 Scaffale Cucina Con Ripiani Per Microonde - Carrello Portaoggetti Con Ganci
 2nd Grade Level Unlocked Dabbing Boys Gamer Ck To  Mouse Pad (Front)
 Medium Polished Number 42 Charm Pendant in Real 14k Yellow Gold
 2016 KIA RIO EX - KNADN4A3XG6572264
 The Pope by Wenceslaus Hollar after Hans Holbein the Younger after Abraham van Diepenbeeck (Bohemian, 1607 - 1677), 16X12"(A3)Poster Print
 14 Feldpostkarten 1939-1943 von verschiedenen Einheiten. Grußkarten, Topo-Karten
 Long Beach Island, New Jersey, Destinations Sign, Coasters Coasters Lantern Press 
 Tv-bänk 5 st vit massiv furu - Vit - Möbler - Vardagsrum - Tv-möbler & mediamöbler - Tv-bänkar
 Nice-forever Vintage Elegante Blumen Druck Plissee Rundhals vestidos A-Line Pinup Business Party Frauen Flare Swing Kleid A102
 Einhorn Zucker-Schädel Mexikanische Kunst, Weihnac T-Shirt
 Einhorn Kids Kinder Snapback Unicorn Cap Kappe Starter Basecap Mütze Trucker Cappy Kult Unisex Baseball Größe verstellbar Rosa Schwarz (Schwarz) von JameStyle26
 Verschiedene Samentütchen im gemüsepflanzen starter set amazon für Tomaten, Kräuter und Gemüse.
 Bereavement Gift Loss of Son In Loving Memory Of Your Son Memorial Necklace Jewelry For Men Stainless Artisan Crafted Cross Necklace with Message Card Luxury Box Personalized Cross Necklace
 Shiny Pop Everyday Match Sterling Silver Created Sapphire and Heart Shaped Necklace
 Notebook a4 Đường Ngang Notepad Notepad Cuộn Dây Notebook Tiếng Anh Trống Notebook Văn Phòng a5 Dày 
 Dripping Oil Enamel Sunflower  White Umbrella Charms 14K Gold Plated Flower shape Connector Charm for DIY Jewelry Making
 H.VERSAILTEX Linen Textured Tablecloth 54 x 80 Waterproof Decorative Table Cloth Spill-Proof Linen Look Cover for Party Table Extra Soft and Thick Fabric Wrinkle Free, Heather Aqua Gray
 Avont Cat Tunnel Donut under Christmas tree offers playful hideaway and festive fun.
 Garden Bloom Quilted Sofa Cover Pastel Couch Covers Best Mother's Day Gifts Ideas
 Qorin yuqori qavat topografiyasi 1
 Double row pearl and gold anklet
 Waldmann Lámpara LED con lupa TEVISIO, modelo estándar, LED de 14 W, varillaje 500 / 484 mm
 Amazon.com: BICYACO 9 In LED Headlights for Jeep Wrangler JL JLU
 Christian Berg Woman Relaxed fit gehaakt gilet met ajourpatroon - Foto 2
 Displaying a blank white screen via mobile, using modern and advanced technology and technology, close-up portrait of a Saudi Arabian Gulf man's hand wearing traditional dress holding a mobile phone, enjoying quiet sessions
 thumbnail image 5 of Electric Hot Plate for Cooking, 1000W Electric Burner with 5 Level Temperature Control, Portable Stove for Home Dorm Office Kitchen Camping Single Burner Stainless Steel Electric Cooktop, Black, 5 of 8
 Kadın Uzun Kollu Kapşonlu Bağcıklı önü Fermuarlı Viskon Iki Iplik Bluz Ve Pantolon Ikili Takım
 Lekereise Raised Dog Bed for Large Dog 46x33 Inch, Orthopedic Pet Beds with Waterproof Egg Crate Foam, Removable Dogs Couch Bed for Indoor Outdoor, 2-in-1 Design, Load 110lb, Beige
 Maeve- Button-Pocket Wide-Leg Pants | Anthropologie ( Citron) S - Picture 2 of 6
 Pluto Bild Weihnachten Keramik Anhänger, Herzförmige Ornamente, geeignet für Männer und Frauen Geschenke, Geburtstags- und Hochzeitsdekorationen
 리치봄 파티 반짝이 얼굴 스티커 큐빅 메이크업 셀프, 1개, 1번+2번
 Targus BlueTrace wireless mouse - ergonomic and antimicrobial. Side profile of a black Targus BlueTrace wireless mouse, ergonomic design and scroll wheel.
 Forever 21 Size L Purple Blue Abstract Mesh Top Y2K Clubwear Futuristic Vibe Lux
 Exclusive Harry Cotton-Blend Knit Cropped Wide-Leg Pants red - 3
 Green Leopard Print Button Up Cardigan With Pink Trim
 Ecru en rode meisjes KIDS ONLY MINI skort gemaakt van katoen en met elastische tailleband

-*-

§ Exercise aim
Repeat the material in full, exactly as it stands.

§ Your response
 Scaffale Cucina Con Ripiani Per Microonde - Carrello Portaoggetti Con Ganci
 2nd Grade Level Unlocked Dabbing Boys Gamer Ck To  Mouse Pad (Front)
 Medium Polished Number 42 Charm Pendant in Real 14k Yellow Gold
 2016 KIA RIO EX - KNADN4A3XG6572264
 The Pope by Wenceslaus Hollar after Hans Holbein the Younger after Abraham van Diepenbeeck (Bohemian, 1607 - 1677), 16X12"(A3)Poster Print
 14 Feldpostkarten 1939-1943 von verschiedenen Einheiten. Grußkarten, Topo-Karten
 Long Beach Island, New Jersey, Destinations Sign, Coasters Coasters Lantern Press 
 Tv-bänk 5 st vit massiv furu - Vit - Möbler - Vardagsrum - Tv-möbler & mediamöbler - Tv-bänkar
 Nice-forever Vintage Elegante Blumen Druck Plissee Rundhals vestidos A-Line Pinup Business Party Frauen Flare Swing Kleid A102
 Einhorn Zucker-Schädel Mexikanische Kunst, Weihnac T-Shirt
 Einhorn Kids Kinder Snapback Unicorn Cap Kappe Starter Basecap Mütze Trucker Cappy Kult Unisex Baseball Größe verstellbar Rosa Schwarz (Schwarz) von JameStyle26
 Verschiedene Samentütchen im gemüsepflanzen starter set amazon für Tomaten, Kräuter und Gemüse.
 Bereavement Gift Loss of Son In Loving Memory Of Your Son Memorial Necklace Jewelry For Men Stainless Artisan Crafted Cross Necklace with Message Card Luxury Box Personalized Cross Necklace
 Shiny Pop Everyday Match Sterling Silver Created Sapphire and Heart Shaped Necklace
 Notebook a4 Đường Ngang Notepad Notepad Cuộn Dây Notebook Tiếng Anh Trống Notebook Văn Phòng a5 Dày 
 Dripping Oil Enamel Sunflower  White Umbrella Charms 14K Gold Plated Flower shape Connector Charm for DIY Jewelry Making
 H.VERSAILTEX Linen Textured Tablecloth 54 x 80 Waterproof Decorative Table Cloth Spill-Proof Linen Look Cover for Party Table Extra Soft and Thick Fabric Wrinkle Free, Heather Aqua Gray
 Avont Cat Tunnel Donut under Christmas tree offers playful hideaway and festive fun.
 Garden Bloom Quilted Sofa Cover Pastel Couch Covers Best Mother's Day Gifts Ideas
 Qorin yuqori qavat topografiyasi 1
 Double row pearl and gold anklet
 Waldmann Lámpara LED con lupa TEVISIO, modelo estándar, LED de 14 W, varillaje 500 / 484 mm
 Amazon.com: BICYACO 9 In LED Headlights for Jeep Wrangler JL JLU
 Christian Berg Woman Relaxed fit gehaakt gilet met ajourpatroon - Foto 2
 Displaying a blank white screen via mobile, using modern and advanced technology and technology, close-up portrait of a Saudi Arabian Gulf man's hand wearing traditional dress holding a mobile phone, enjoying quiet sessions
 thumbnail image 5 of Electric Hot Plate for Cooking, 1000W Electric Burner with 5 Level Temperature Control, Portable Stove for Home Dorm Office Kitchen Camping Single Burner Stainless Steel Electric Cooktop, Black, 5 of 8
 Kadın Uzun Kollu Kapşonlu Bağcıklı önü Fermuarlı Viskon Iki Iplik Bluz Ve Pantolon Ikili Takım
 Lekereise Raised Dog Bed for Large Dog 46x33 Inch, Orthopedic Pet Beds with Waterproof Egg Crate Foam, Removable Dogs Couch Bed for Indoor Outdoor, 2-in-1 Design, Load 110lb, Beige
 Maeve- Button-Pocket Wide-Leg Pants | Anthropologie ( Citron) S - Picture 2 of 6
 Pluto Bild Weihnachten Keramik Anhänger, Herzförmige Ornamente, geeignet für Männer und Frauen Geschenke, Geburtstags- und Hochzeitsdekorationen
 리치봄 파티 반짝이 얼굴 스티커 큐빅 메이크업 셀프, 1개, 1번+2번
 Targus BlueTrace wireless mouse - ergonomic and antimicrobial. Side profile of a black Targus BlueTrace wireless mouse, ergonomic design and scroll wheel.
 Forever 21 Size L Purple Blue Abstract Mesh Top Y2K Clubwear Futuristic Vibe Lux
 Exclusive Harry Cotton-Blend Knit Cropped Wide-Leg Pants red - 3
 Green Leopard Print Button Up Cardigan With Pink Trim
 Ecru en rode meisjes KIDS ONLY MINI skort gemaakt van katoen en met elastische tailleband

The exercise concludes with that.